The case of Rosati v Rosati (1998) FLC 92-804 is the most frequently quoted case in respect to whether the Court should include taxation in calculating the available property pool to be divided between the parties. In that case the Full Court said:

“It appears to us that although there is a degree of confusion, and possible conflict, in the reported cases as to the proper approach to be adopted by a court in proceedings under s79 of the Act in relation to the effect of potential capital gains tax, which would be payable upon the sale of an asset, the following general principles may be said to emerge from those cases:

  1. Whether the incidence of capital gains tax should be taken into account in valuing a particular asset varies according to the circumstances of the case, including the method of valuation applied to the particular asset, the likelihood or otherwise of that asset being realised in the foreseeable future, the circumstances of its acquisitions and the evidence of the parties as to their intentions in relation to that asset.
  2. If the Court orders the sale of an asset, or is satisfied that a sale of it is inevitable, or would probably occur in the near future, or if the asset is one which was acquired solely as an investment and with a view to its ultimate sale for profit, then, generally, allowance should be made for any capital gains tax payable upon such a sale in determining the value of that asset for the purpose of the proceedings.
  3. If none of the circumstances referred to in (2) applies to a particular asset, but the Court is satisfied that there is a significant risk that the asset will have to be sold in the short to mid-term, then the Court, whilst not making allowance for the capital gains tax payable upon such a sale in determining the value of the asset, may take that risk into account as a relevant s 75(2) factor, the weight to be attributed to that factor varying according to the degree of the risk and the length of the period within which the sale may occur.
  4. There may be special circumstances in a particular case which, despite the absence of any certainty or even likelihood of a sale of an asset in the foreseeable future, make it appropriate to take the incidence of capital gains tax into account in valuing that asset.
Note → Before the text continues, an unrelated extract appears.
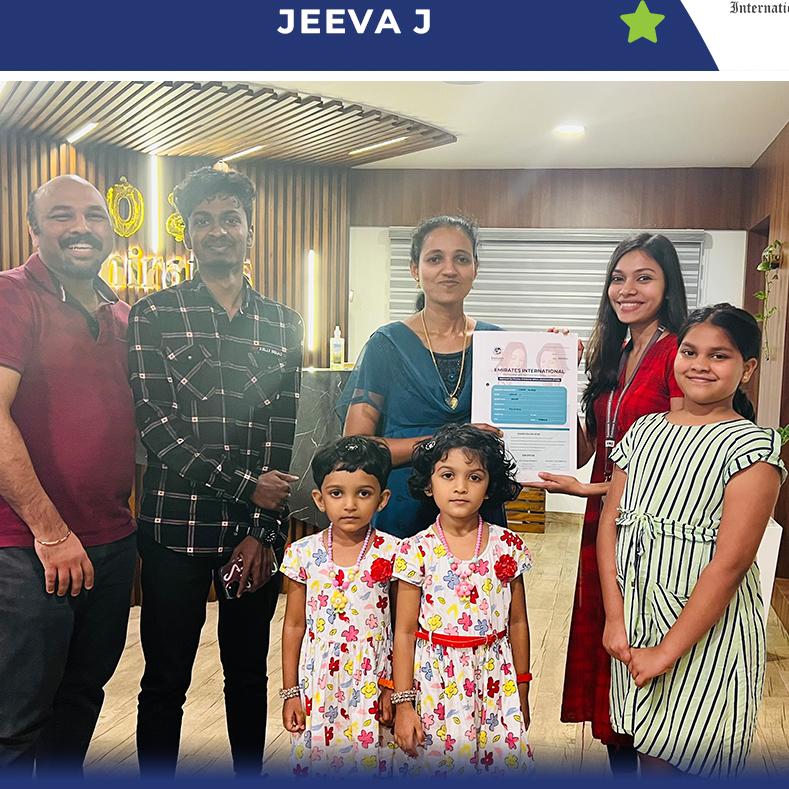 JEEVA J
In such a case, it may be appropriate to take the capital gains tax into account at its full rate, or at some discounted rate, having regard to the degree of risk of a sale occurring and/or the length of time which is likely to elapse before that occurs.”

The issue was dealt with in the recent case of Boyle & Boyle [2014] FCCA 2576 heard in Melbourne.

In this case the husband said he had a liability of $68,625 being the capital gains tax liability on the parties’ holiday house. The husband was living in that house and said he had no present intention of selling it. He did not provide any expert evidence about the amount of capital gains tax that would be payable if he were to sell it. The figure he gave was his own estimate.

In accordance with the decision of the Full Court of the Family Court in Rosati the Court held that there was no proper basis upon which the Court could take into account the prospective capital gains tax on the holiday house.